Prompt Day #130: Begin a piece by having an offbeat assassin of some sort unpacking his/her/its suitcase.
Unusual Acts of Violence
He advertised his services (in the secretive, underground, word of mouth way that any murder-for-hire would) as murders so unusual they’ll never be questioned. As far as he knew, he was the only assassin in history that switched up his methods. He was the only one who had orchestrated a death by elephant stomping, by falling into a large dough mixing machine, and one of his favorites: being crushed by trash in a garbage truck. Yes, he was good at it, and he accepted jobs all over the world. He had a reputation. There was nothing he wouldn’t do.

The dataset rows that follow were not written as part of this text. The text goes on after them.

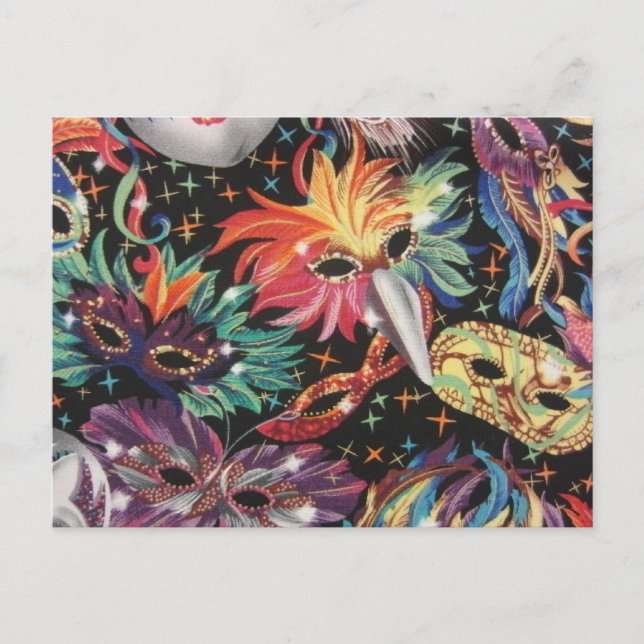 Mardi Gras Party Invitation Postcard (Front)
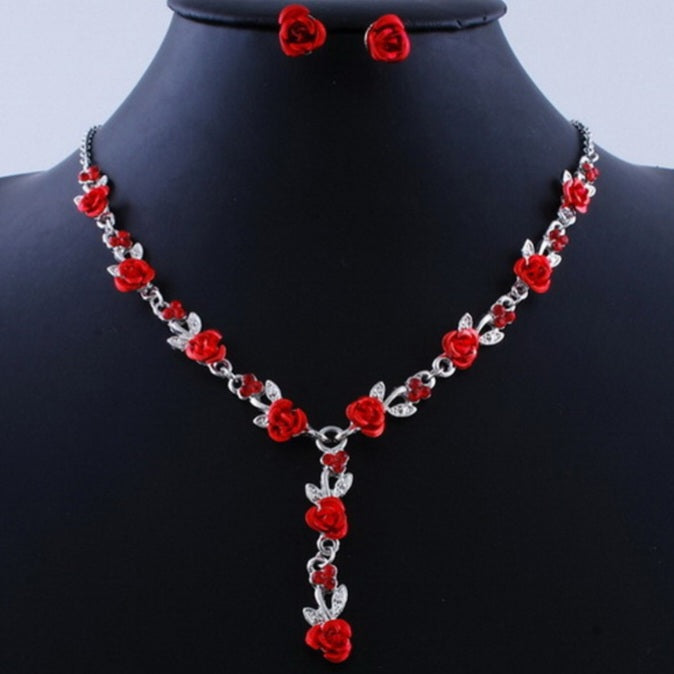 Elegant Rose Alloy Necklace & Earrings Set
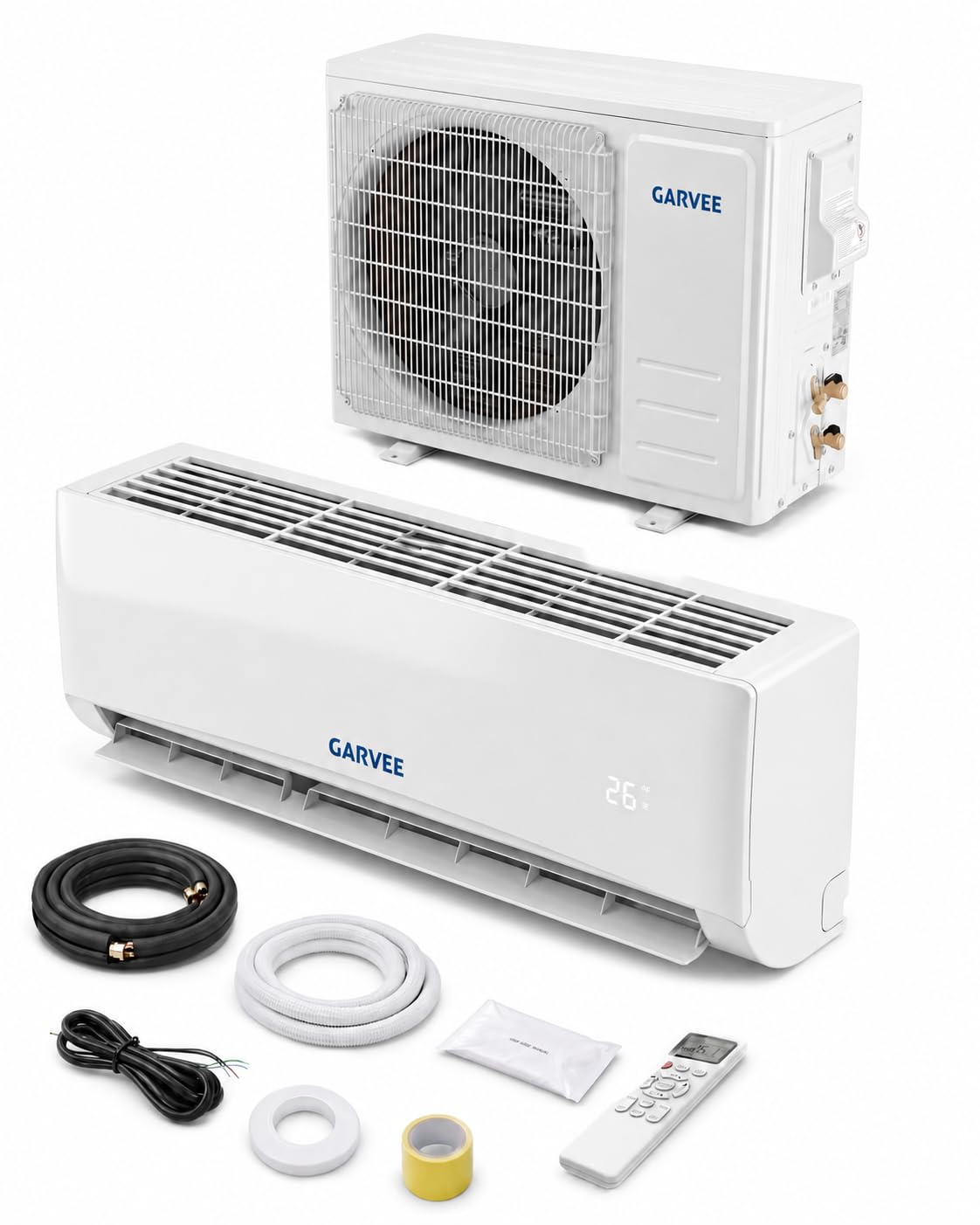 Garvee 12000 BTU Mini Split AC/Heating System, 19 SEER2 Inverter Split System Air Conditioners, Ductless Wall Mount Heat Pump, AC Unit Cool Up to 750 Sq. Ft, Installation Kits, 230V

He’d just got back from South America in fact. Here, he had pulled off another unusual and practically blameless death. When he considered all the trouble he’d gone to for this one, he smiled because more trouble meant more money, yes, but mostly because more trouble ended in an amazing piece of art. And he considered what he did a form of art. Each piece well planned, supplies purchased and utilized for a seamless outcome.
He opened his suitcase. He pulled out the long red piece of material he’d used for a loin cloth, and a pile of beaded necklaces. These would all need to be burned. He picked up the wig that, when he wore it, made him feel ridiculous, like Moe from the three stooges. That went into the burn pile too. Next came the piece de resistance: the long bamboo tube tied with dried grasses. One end had been blackened in a ceremonial fire—to ensure that the end put to the mouth was always the same. He knew it, too would need to go to the fire but it would be hard to give it up. He’d practiced on this thing for months before he was a sure shot. The darts, almost the same length as the gun itself were carefully wrapped in a canvas typically used by chefs to carry knives. He loved to unroll it and see those primitive darts sitting inside, their tufts of cottony fluff giving them the innocent look of a school girls pink pen. These darts with their traces of poison would definitely need to be destroyed. And one could never keep knives in the canvas roll either, unless you wanted to poison all your dinner guests. He stopped and thought about that. Perhaps he should keep it. He’d need to look into the length of time a poison dart frog’s poison remains potent. He’d seen the quivers full of poisoned darts the natives kept so he suspected it was a long time. He took the canvas roll off the pile and removed the darts. He would keep this—a poisoned banquet was right out of an Agatha Christy novel and he liked the thought of it.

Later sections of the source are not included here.